EXERCISE AIM: Your answer must be an exact retyping of the line containing "Football fans reacting" and every line after it through the end of the records below, with no pictures and nothing else.

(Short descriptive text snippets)
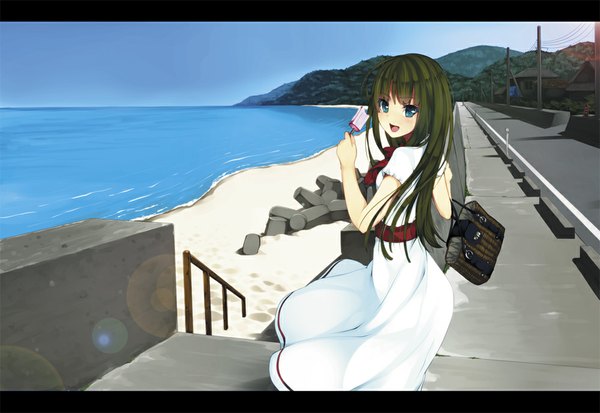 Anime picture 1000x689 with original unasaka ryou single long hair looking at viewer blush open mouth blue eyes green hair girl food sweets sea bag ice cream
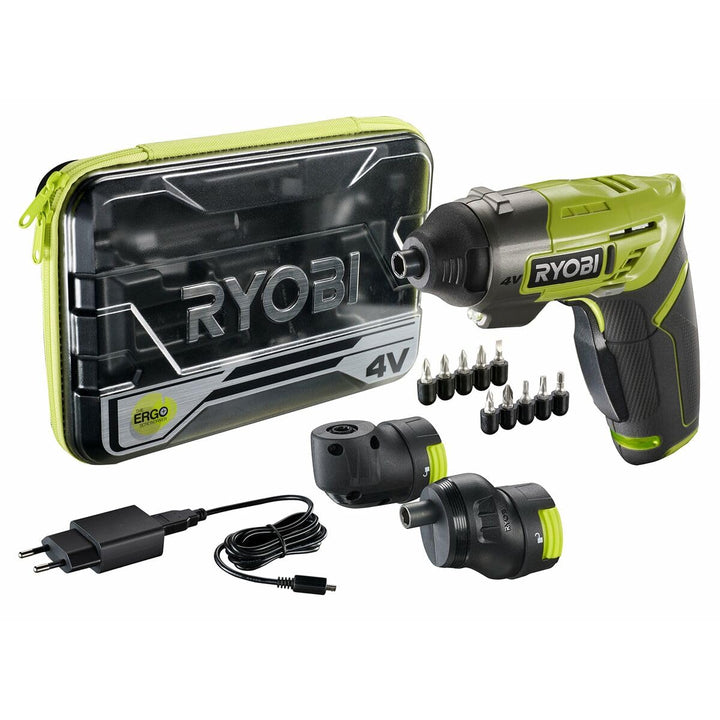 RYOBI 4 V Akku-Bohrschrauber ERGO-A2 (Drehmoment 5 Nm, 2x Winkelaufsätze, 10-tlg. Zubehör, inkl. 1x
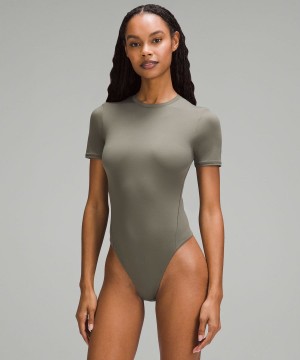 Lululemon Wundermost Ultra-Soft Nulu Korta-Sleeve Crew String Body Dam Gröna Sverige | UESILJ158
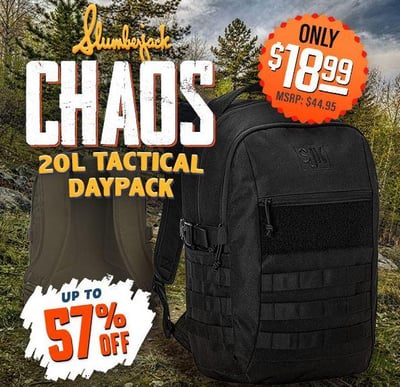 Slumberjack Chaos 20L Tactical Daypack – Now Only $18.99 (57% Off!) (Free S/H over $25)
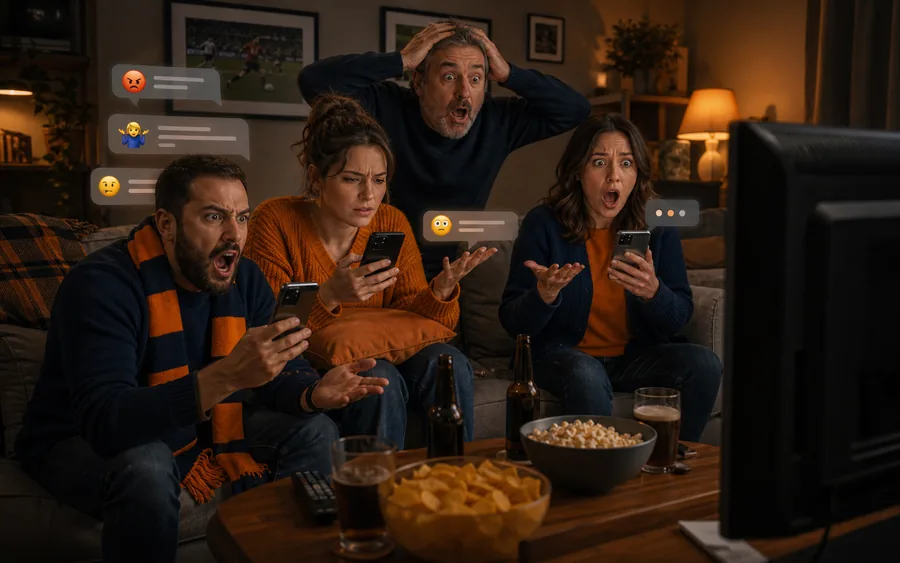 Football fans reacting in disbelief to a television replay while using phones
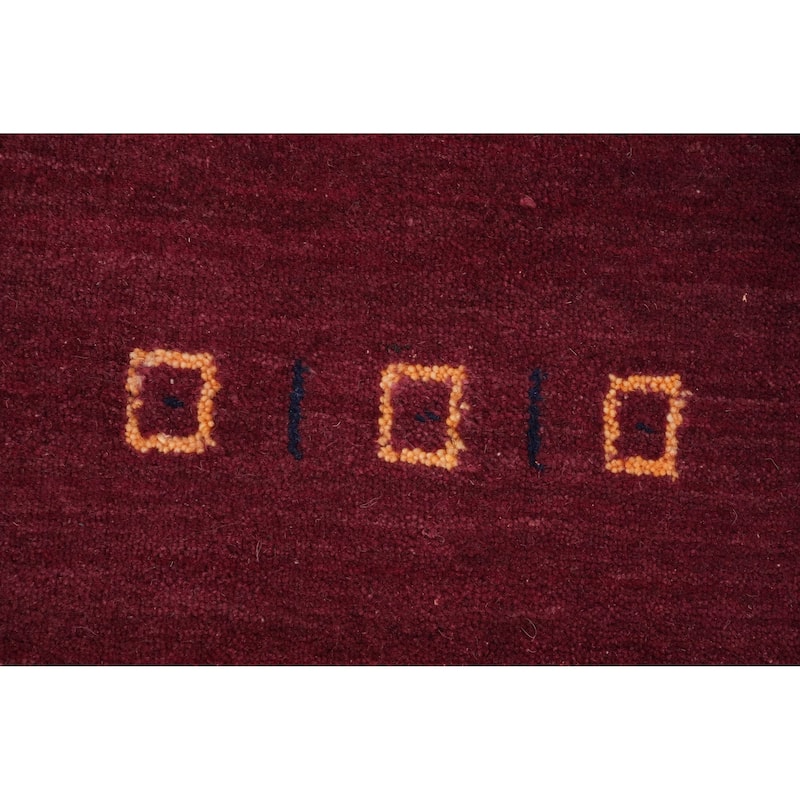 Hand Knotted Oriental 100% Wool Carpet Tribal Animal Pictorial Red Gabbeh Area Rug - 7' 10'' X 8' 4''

TASK ANSWER:
 Football fans reacting in disbelief to a television replay while using phones
 Hand Knotted Oriental 100% Wool Carpet Tribal Animal Pictorial Red Gabbeh Area Rug - 7' 10'' X 8' 4''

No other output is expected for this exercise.